The Lord’s people are to take the Lord’s supper on the Lord’s day. But now most importantly, let’s ask, what was the Lord’s supper that church partook of? I want you to notice several things about it today. First of all, it was a communion. Let’s read again 1 Corinthians 10:16, and let’s also read verse 17. Here it says, The cup of blessing which we bless, is it not the communion of the blood of Christ? The bread which we break, is it not the communion of the body of Christ? For we, though many, are one bread and one body, for we all partake of that one bread. He calls it a communion. The word communion means participation, fellowship, that which is shared in common.
The Lord’s supper is a communion, or as somebody put it, a common union with the Lord and his people. Did you notice in these verses that the communion is not only with the Lord, but with other Christians? In fact, to partake of the common bread and the cup is what makes the church. Just as families gather around the table to eat in their homes, so the family of God is brought together around the table of the Lord in his house, the church. This was why the apostle Paul told the church in Corinth that they didn’t come together to eat the Lord’s supper. They were divided, not united as the family of God should be. They had parties you read about in the first several chapters of Paul’s letter to this church. They had lawsuits against one another. And they were all divided in their assemblies, as you read here in chapter 11 and 12 and 13 and 14. And so to this divided church Paul said, you can’t eat the Lord’s supper.

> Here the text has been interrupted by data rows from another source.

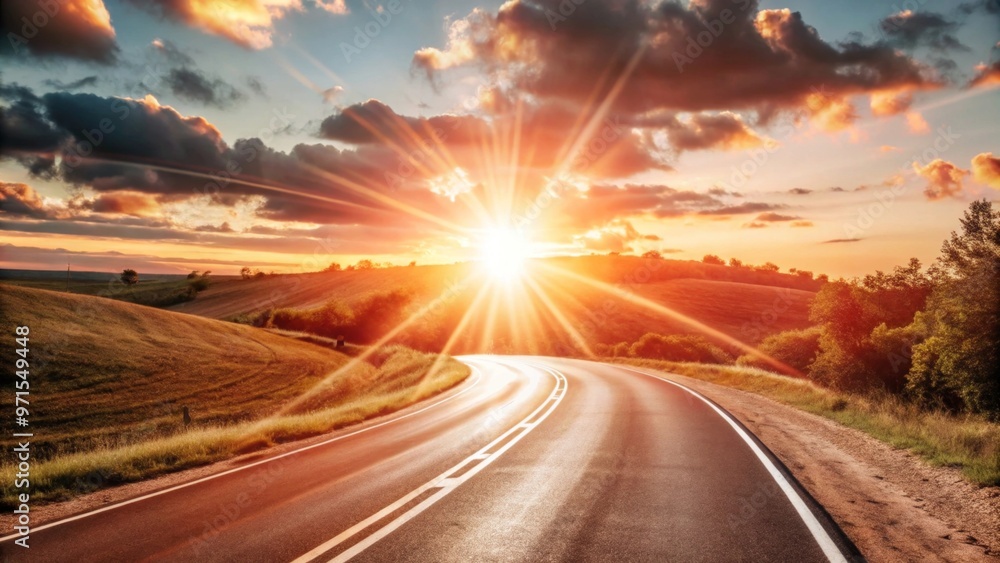 Bright sunrise illuminating a winding road, symbolizing the start of a new path. Bright sunrise illuminating a winding road, symbolizing the start of a new path.
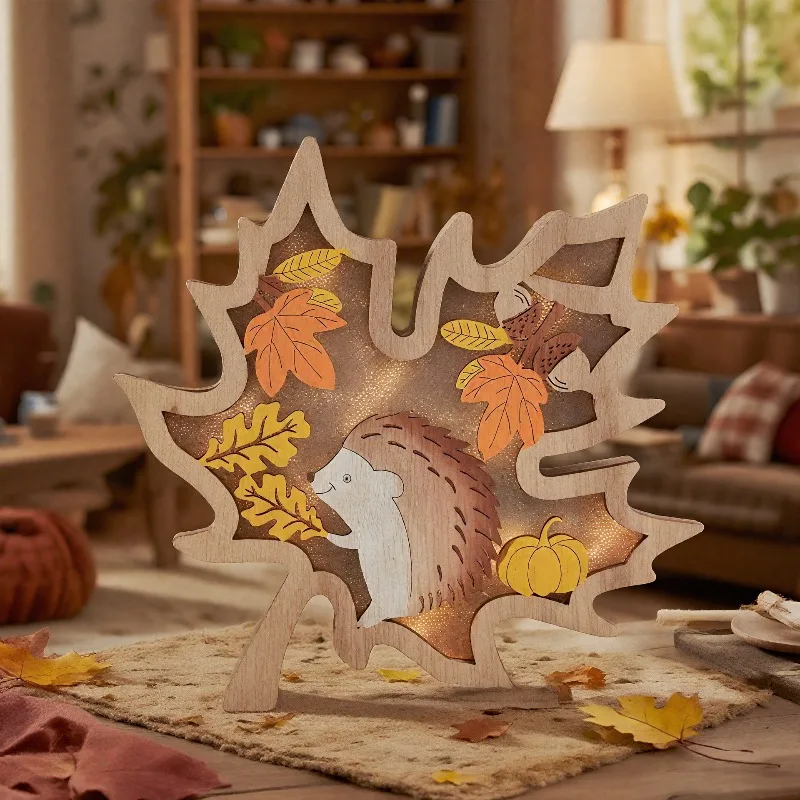 Autumn Wooden Carving Ornaments Farmhouse Rural Harvest Festival Pumpkin Maple Leaf Dining Table Wooden Crafts Ornaments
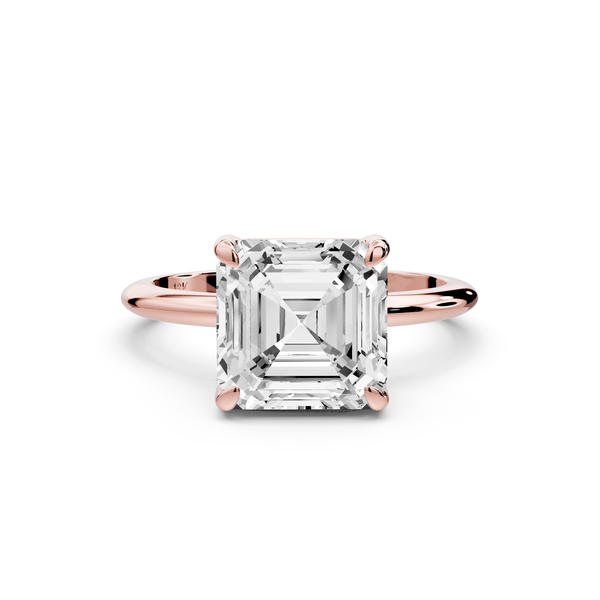 Odessa - 3ct 18k rose gold asscher Knife Edge Solitaire Engagement Ring - Mr. Alex Jewelry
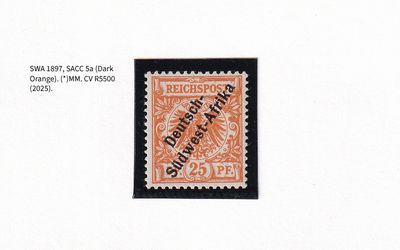 1897 German South West Africa. German Stamps Overprinted "Deutsch-Südwest-Afrika" 25pf Dark Orange) MM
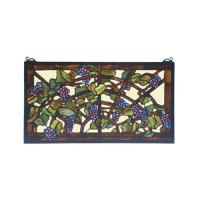 Meyda Black 78088 - 22"W X 12"H Tiffany Grape Arbor Stained Glass Window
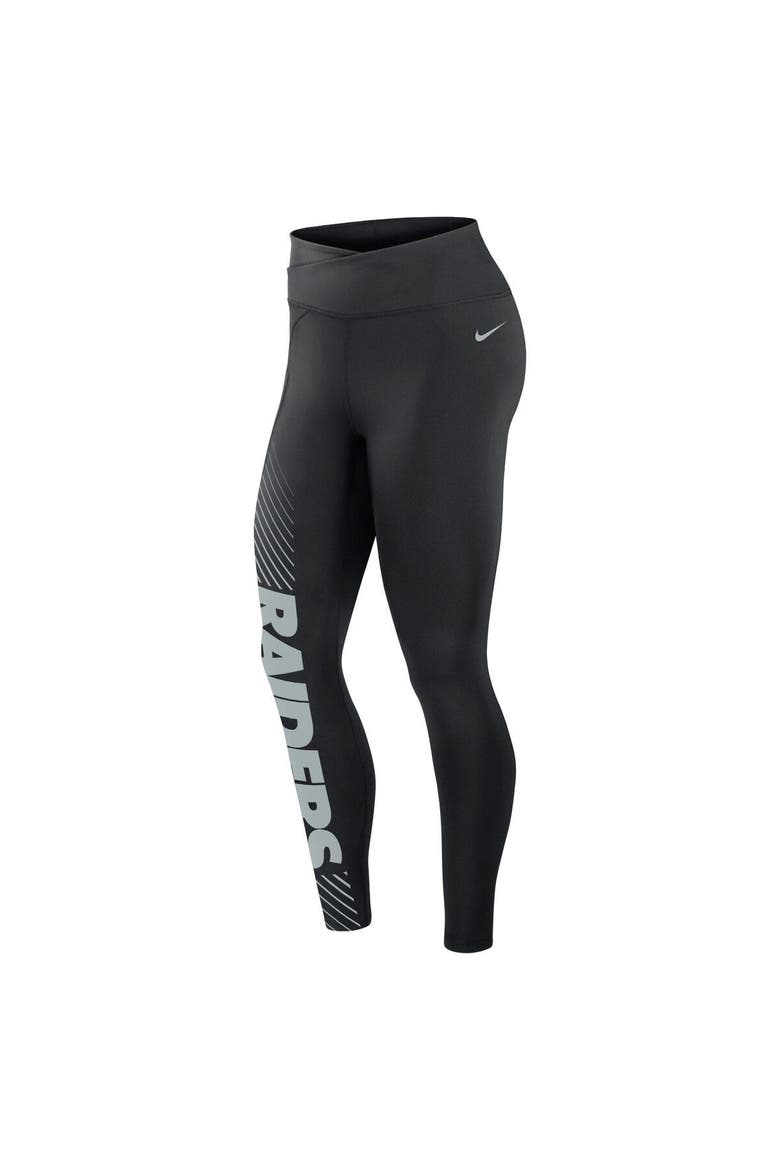 Women's Nike Black Las Vegas Raiders Yard Line Crossover Leggings, Alternate, color, Black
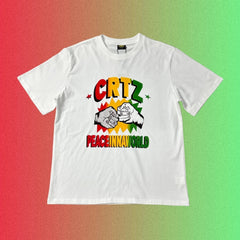 Corteiz CRTZ Peace Inna World Fist Bump Graphic Black T-Shirt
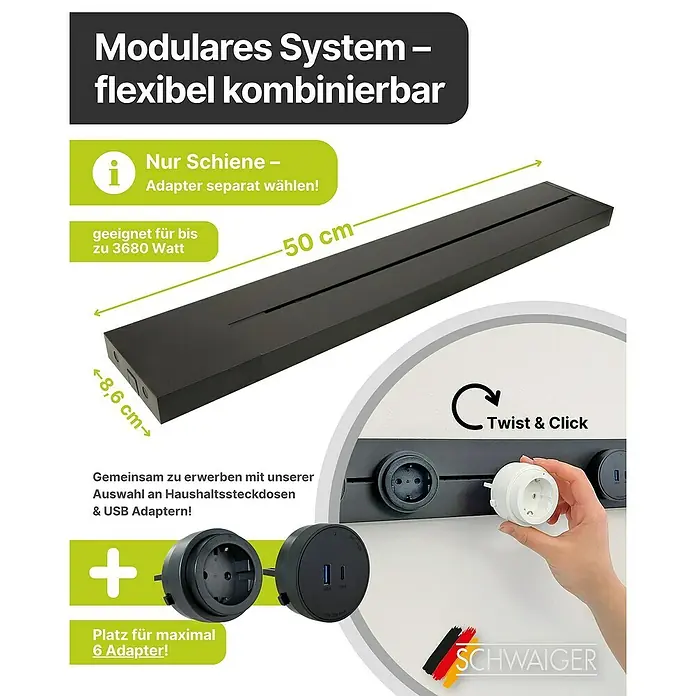 Schwaiger Steckdosenleiste Modulare Stromschiene - 50 cm, Schwarz, IP20, Ohne Schalter - Produktbild des modularen Schwaiger-Systems, das aus einer flexibel kombinierbaren Schiene und Adaptern besteht. Ideal für bis zu 6 Adapter.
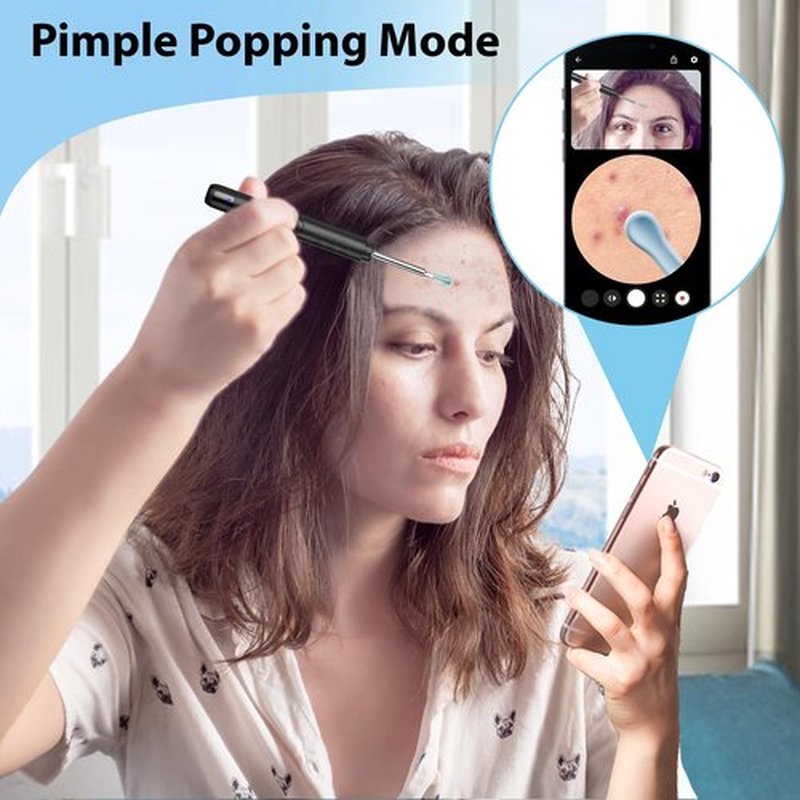 FINSOFT Ear Wax Removal Tool Camera, Ear Cleaner with Camera, Ear Wax Removal Cleaning Kit with 1296P HD Camera and 6 LED Lights, Earwax Removal Kit with 10 Ear Pick for iOS and Android, Black
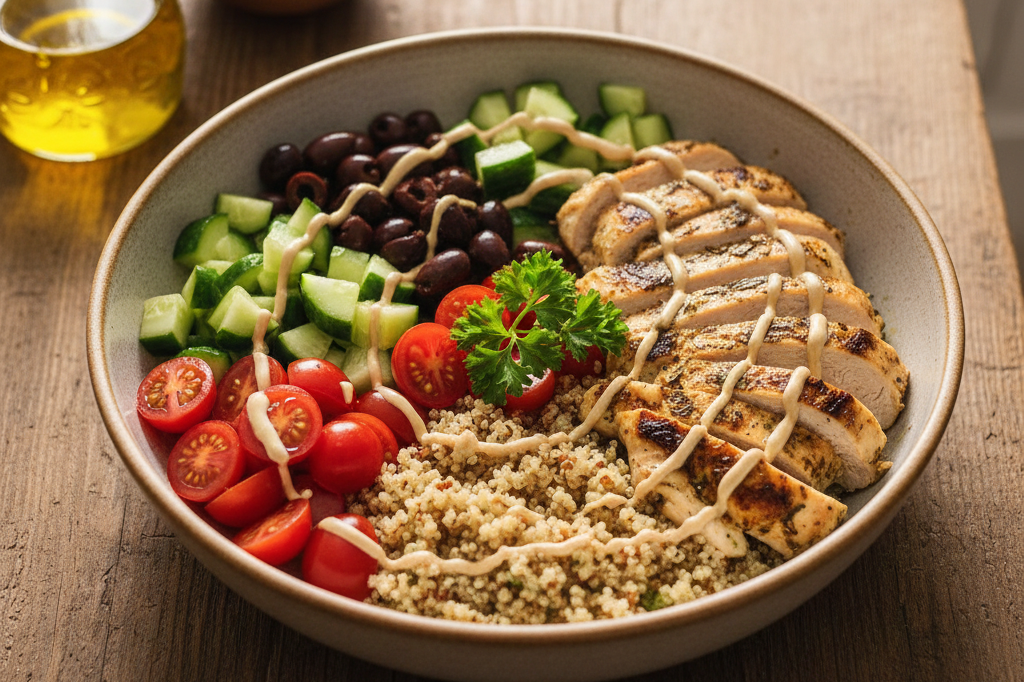 A vibrant overhead shot of a Mediterranean chicken grain bowl with lemon, tomatoes, cucumbers, and olives, representing quick and healthy weeknight meals.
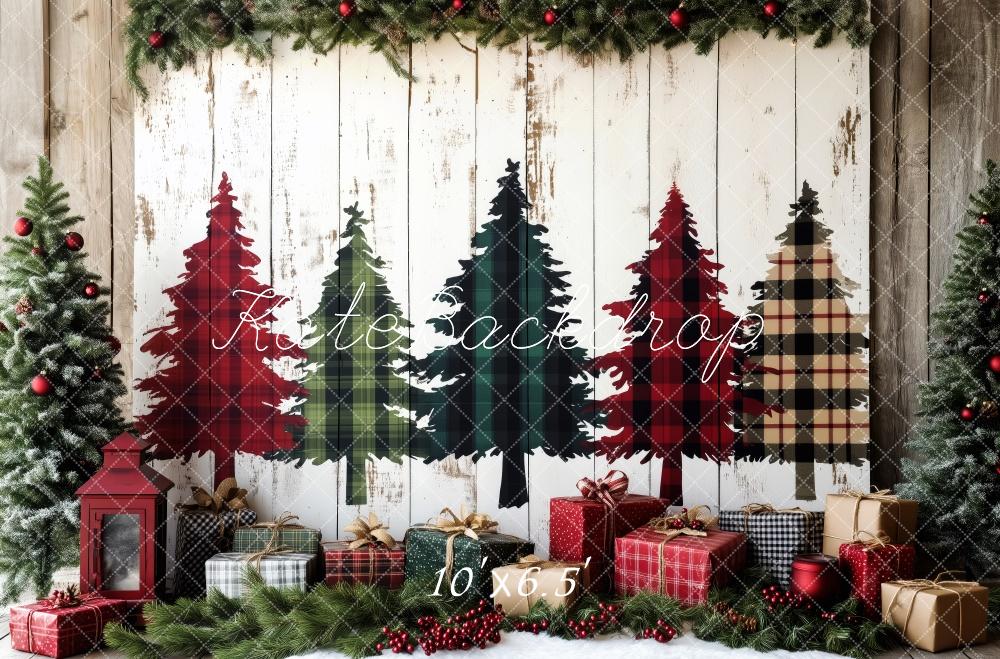 Kate Christmas Plaid Trees Gifts Backdrop Designed by Patty Robert -UK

Read with me 1 Corinthians 11:17-20. Now in giving these instructions, I do not praise you, since you come together not for the better, but for the worse. For first of all, when you come together as a church I hear that there are divisions among you; and in part I believe it. For there must also be factions among you, that those who are approved may be recognized among you. And therefore, when you come together in one place, it is not to eat the Lord’s supper.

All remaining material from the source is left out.